|This page is or discusses a loony and/or nutty conspiracy theory of which Uncyclopedia vehemently denies knowledge and existence. The black helicopters are not ^on their way.|
“They came from space.”
“They burst out of your chests!”
“They troll us with natural disasters!”
An alien is an extraterrestrial living organism, that will one day plant McDonalds' across the country, fattening the people of the world (if they have not done so already). There are many types of aliens, but please remember, any species of alien that is claimed by the government not to be real in-fact is real, and that any aliens which the government claims to be real are in-fact bullshit.
Scientists have been searching for evidence of extraterrestrial life outside of television, with little success. But humankind's destiny is to find, communicate and befriend alien life, for science fiction has decreed it as such.
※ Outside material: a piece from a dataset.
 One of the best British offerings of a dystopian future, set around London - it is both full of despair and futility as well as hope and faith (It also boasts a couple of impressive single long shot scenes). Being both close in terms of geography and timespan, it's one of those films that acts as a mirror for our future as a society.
So researchers have pushed on with the search for intelligent life in outer space.
The Search for Extra-Terrifying Intelligence, or SETI, was founded in the 1960's, due to concerns that evil monoliths might be trying to abduct our brave astronauts. SETI projects use scientific methods to find extra-terrestrial life, although since they have not found evidence suggesting such life, they are doing so incorrectly.
The US government funded SETI projects up to 1994, when they realized that an agency that put out a report every year about a profound lack of success would have done just as well, as long as they also put out records of the obligatory "Wow!" signal every few decades or so. Of course, this would not change the fact that they are still doing it wrong. A fundamental flaw of SETI is that its scientists are focusing on outer space for a source of intelligent life. This is the wrong place to look for aliens, because they are RIGHT HERE AMONG US.
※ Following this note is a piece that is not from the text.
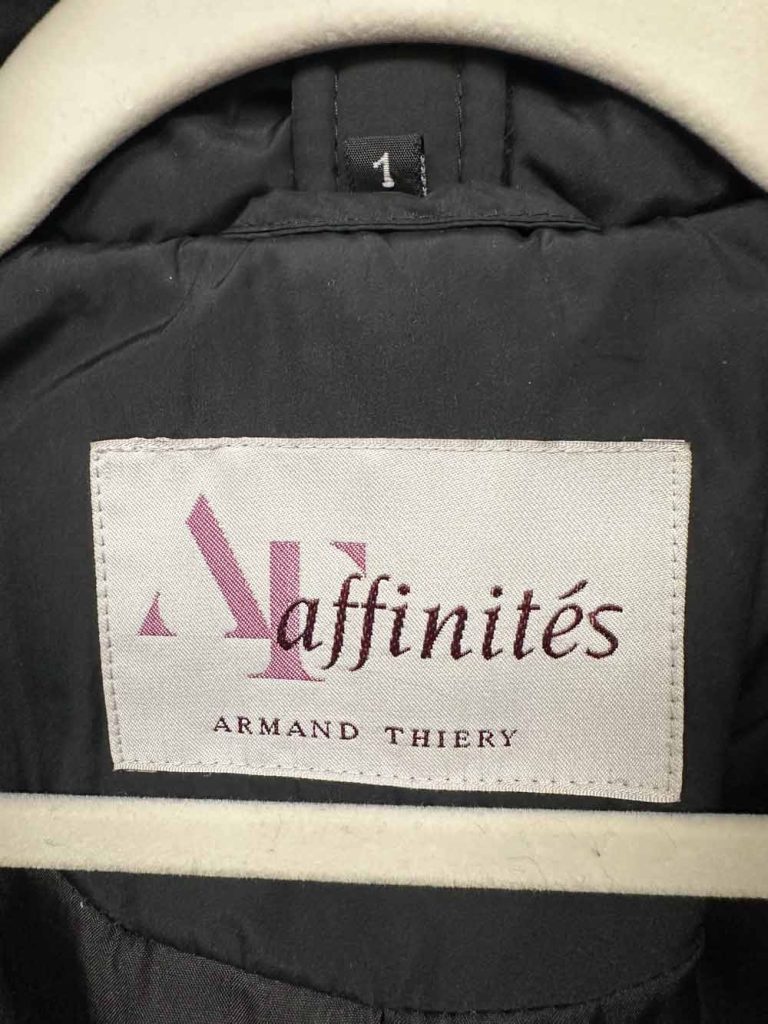 manteau laine armand thiery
This explains why the band, "The Carpenters" cannot contact interplanetary crafts. But there is also a second reason and that is that the aliens cannot stand the song. When the band, "Klaatu" did it, it was actually funded by aliens who planted a secret message in the beat, when the Carpenters re-did it, with their usual slow and monotonous beat, the message was deleted and the aliens attacked, but finally just decided to crash in New Mexico.
There have been also efforts to actively send messages out to extra-terrestrial life, because we all know that that's a far more sensible idea. Here is the content of one such recent message:
No reply has been received as of this date. We assume it's because they understood the message.
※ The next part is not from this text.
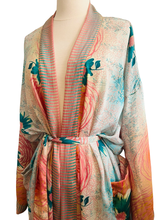 Load image into Gallery viewer, Vintage Silk Long Robe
In 1961, an astronomer at UC Santa Cruz, Dr Frank Drake, devised an equation to estimate the number of planets "out there" with intelligent alien life that could communicate with us, thus forever ruining his good name. The equation multiplied together seven factors. These were:
- the number of spooky alien monoliths per civilization.
- the fraction of said monoliths that would be able to find lifeforms and magically enlighten them.
- the number of civilizations with the capability of making spooky alien monoliths created per year.
- the fraction of civilizations that aren't too shy.
- the fraction of civilizations from that fraction that actually do not have better things to do than go and create other civilizations.
- the fraction of all of this nonsense the average person is willing to believe in.
- the length of time the average person is willing to believe in this nonsense.
Naturally, the number of civilisations according to this formula tends to be very high, since the end product of the Drake equation is inversely proportional to the level of intelligence of humans calculating that end result. This, however, is only one prominent criticism of the Drake equation.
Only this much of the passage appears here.